## INFORMATION SHOWN
++++++++++++++++++++

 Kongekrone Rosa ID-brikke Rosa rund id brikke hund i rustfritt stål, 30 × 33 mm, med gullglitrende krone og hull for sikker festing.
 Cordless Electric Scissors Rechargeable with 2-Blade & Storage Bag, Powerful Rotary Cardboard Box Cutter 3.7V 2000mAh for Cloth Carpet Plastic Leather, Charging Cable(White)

++++++++++++++++++++

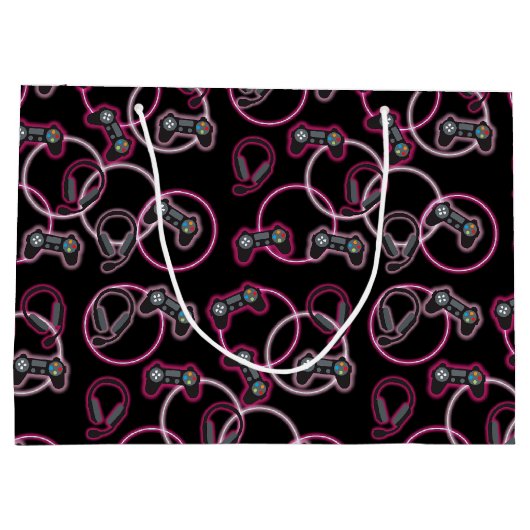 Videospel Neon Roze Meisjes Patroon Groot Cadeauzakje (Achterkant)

++++++++++++++++++++

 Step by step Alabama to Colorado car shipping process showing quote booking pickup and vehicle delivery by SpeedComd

++++++++++++++++++++

## TASK TO COMPLETE
Using the data above, reproduce exactly the lines from the line that contains "Kongekrone Rosa ID-brikke" through the line that contains "Cordless Electric Scissors", including both.

## YOUR SOLUTION
 Kongekrone Rosa ID-brikke Rosa rund id brikke hund i rustfritt stål, 30 × 33 mm, med gullglitrende krone og hull for sikker festing.
 Cordless Electric Scissors Rechargeable with 2-Blade & Storage Bag, Powerful Rotary Cardboard Box Cutter 3.7V 2000mAh for Cloth Carpet Plastic Leather, Charging Cable(White)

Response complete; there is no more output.